Citation : 2026 Latest Caselaw 854 Chatt
Judgement Date : 23 March, 2026
1
2026:CGHC:13727
NAFR
HIGH COURT OF CHHATTISGARH AT BILASPUR
CRA No. 296 of 2017
1 - Kanhai Yadav S/o Shri Sundar Dev Yadav, Aged About 30 Years
Occupation Agriculturist R/o Village Pachawal, Temna,
Beriyadamarpara, Police Station Sanawal, District Balrampur
Ramanujganj Chhattisgarh
2 - Makadu @ Makkhan, S/o Shri Sunder Dev Yadav, Aged About 36
Years Occupation Agriculturist R/o Village Pachawal, Temna,
Beriyadamarpara, Police Station Sanawal, District Balrampur
Ramanujganj Chhattisgarh
3 - Shiv Kumar Yadav, S/o Shri Sunder Dev Yadav, Aged About 40
Years Occupation Agriculturist R/o Village Pachawal, Temna,
Beriyadamarpara, Police Station Sanawal, District Balrampur
Ramanujganj Chhattisgarh
4 - Sundar Dev Yadav, S/o Late Budhan Yadav, Aged About 62 Years
Occupation Agriculturist R/o Village Pachawal, Temna,
Beriyadamarpara, Police Station Sanawal, District Balrampur
Ramanujganj Chhattisgarh
5 - Umesh Yadav, S/o Shri Sundar Dev Yadav, Aged About 25 Years
Occupation Agriculturist R/o Village Pachawal, Temna,
Beriyadamarpara, Police Station Sanawal, District Balrampur
Ramanujganj Chhattisgarh , District : Balrampur, Chhattisgarh
... Appellant(s)
2
versus
State Of Chhattisgarh Through The Police Station Sanawal, District
Balrampur - Ramanujganj, Civil District Surguja Ambikapur
Chhattisgarh
... Respondent(s)
For Appellant(s) : Shri Neeraj Mehta, Advocate
For Respondent/State : Shri Rajkumar Sahu, PL
(Hon'ble Shri Justice Arvind Kumar Verma)
Judgment on Board
23/03/2026
This criminal appeal has been preferred against the judgment of
conviction and order of sentence dated 13.02.2017, passed by the
Additional Sessions Judge, Ramanujganj, District Surguja (Ambikapur)

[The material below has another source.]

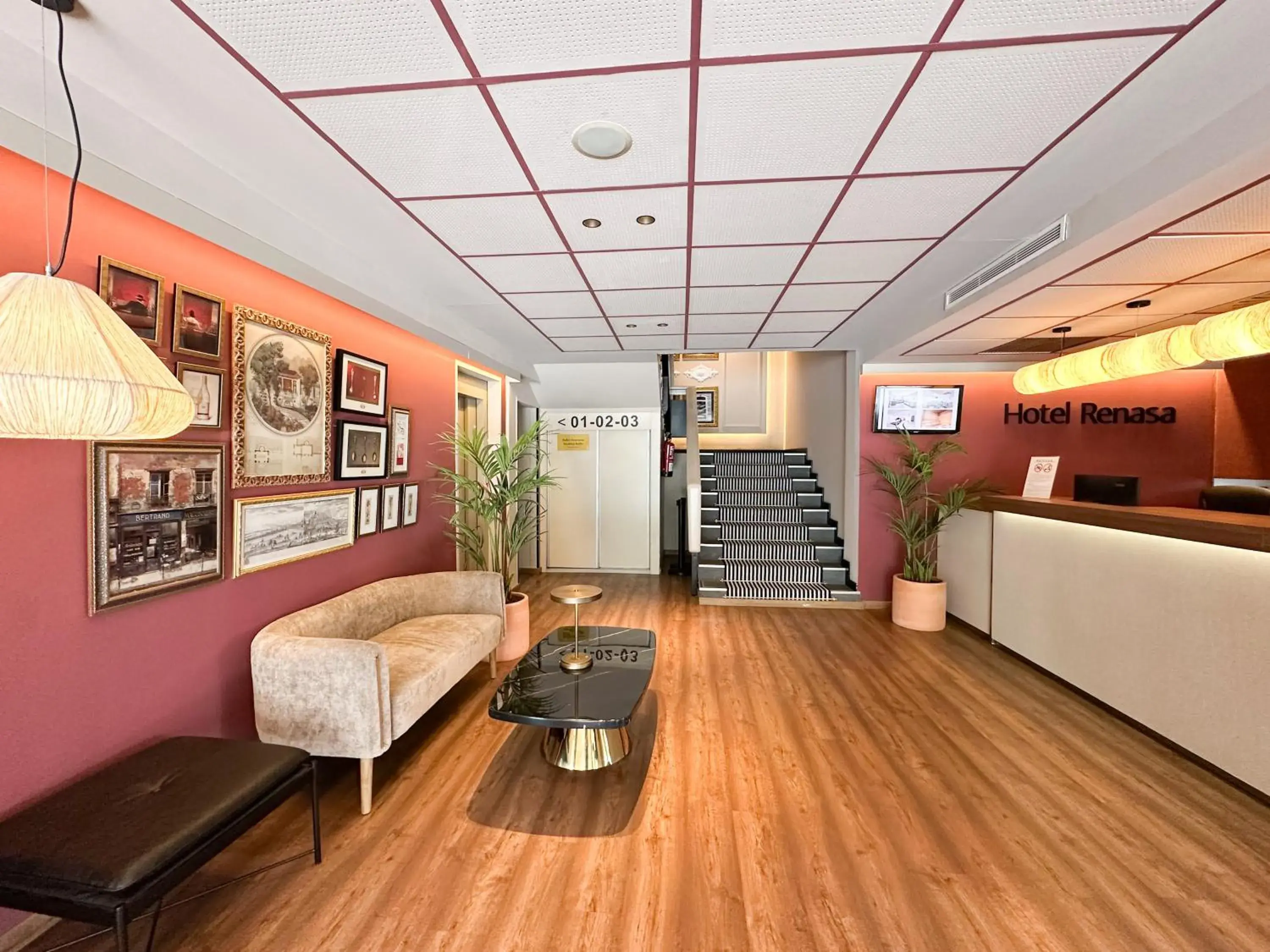 Lobby or reception in Sweet Hotel Renasa Lobby or reception in Sweet Hotel Renasa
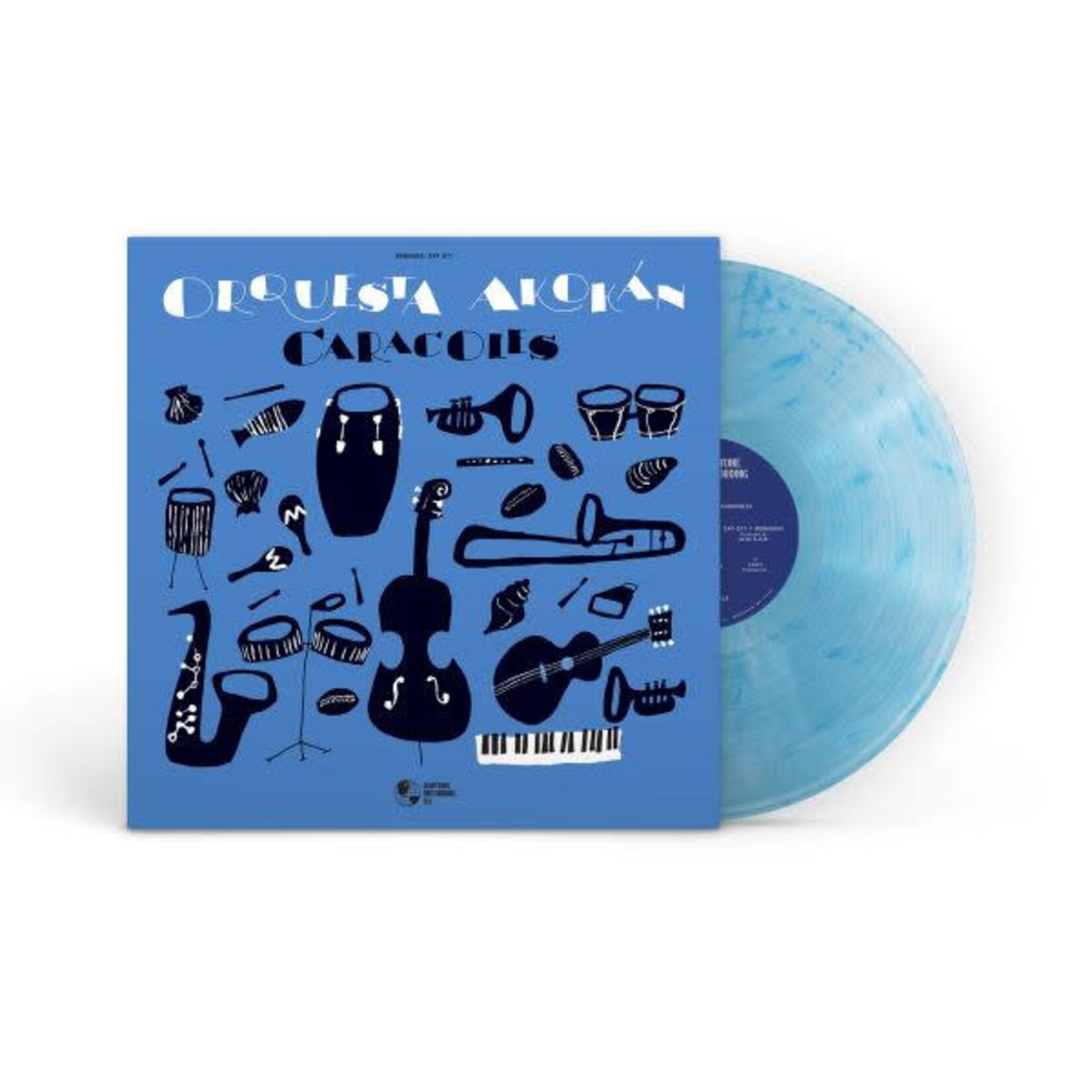 Daptone Orquesta Akokan - Caracoles (LP) [Ocean Blue]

(C.G.), in Sessions Trial No. 31/2013, whereby the learned trial Court,
upon appreciation of the evidence adduced by the prosecution, has
convicted the appellants for offences punishable under Sections 147,
148 and 325/149 of the Indian Penal Code, 1860, and sentenced each
of them to undergo RI of 1 year with fine of Rs. 500/- u/s. 147; to
undergo RI for 2 years and fine of Rs. 500/- u/s. 148 and to under RI for
3 years and fine of Rs. 1,000/- u/s. 325/149 IPC with default
stipulations as detailed in the impugned judgment. Being aggrieved by
the said judgment of conviction and order of sentence, the appellants
have preferred the present appeal assailing the legality, propriety and
correctness of the findings recorded by the learned trial Court.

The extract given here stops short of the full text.